Do you have considerations for your data beyond mere storage? Do you need reporting? Do you need to share your data?
First, I would argue that most “data sharing” needs come from a database-first design. Instead of storage being driven by the application, the storage becomes the central model of the business, and therefore all applications need to share it because they work with the same business domain. Anyone who has known the joy of adding extra fields to a table because “we have a batch process that X, Y, Z” or can’t refactor a table into a better design because “Application Alpha uses that field” knows what I mean. If our data storage were first defined by a person’s need as facilitated by software, we’d probably have a lot fewer scenarios where data needed to be shared.

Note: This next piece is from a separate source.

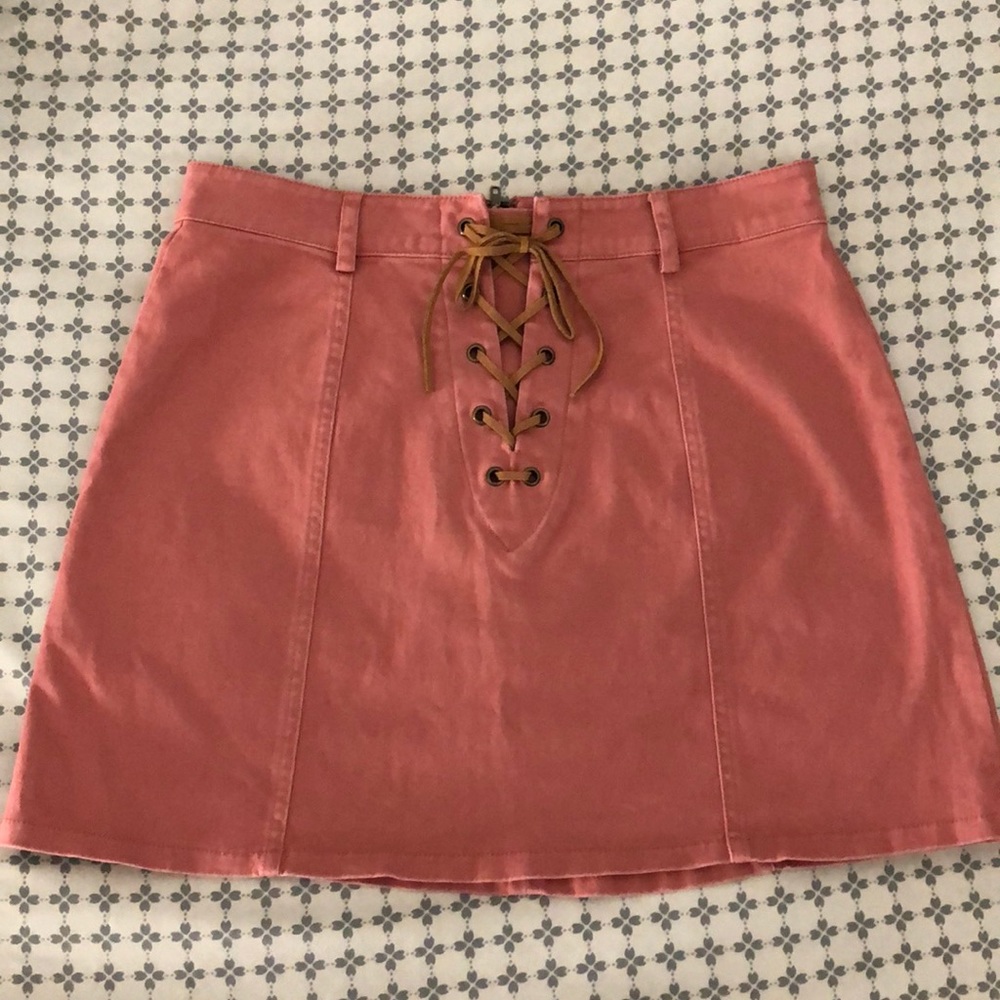 3/$25 M junior’s skirt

But they would happen, and not only that, but sometimes we need data compiled into other formats for things like reporting and archiving, and data migration mechanisms are great for this kind of thing and give you all sorts of flexibility. Write your reports off an optimized reporting database. Have your application do all its reads from a read-optimized database and all its writes to a write-optimized database. Databases are good at sharing and restructuring their data into other data storage. They are very bad at trying to serve multiple business interests with the same entities.
With app production rising exponentially in today’s world, these database-first practices need to go. Not only do they slow you down, trying to use them will most likely do a great deal of violence to a business model to make them fit, will be much slower than databases used purely for storage, and they make change expensive and prohibitive.
And your screens will be ugly. Did I mention that?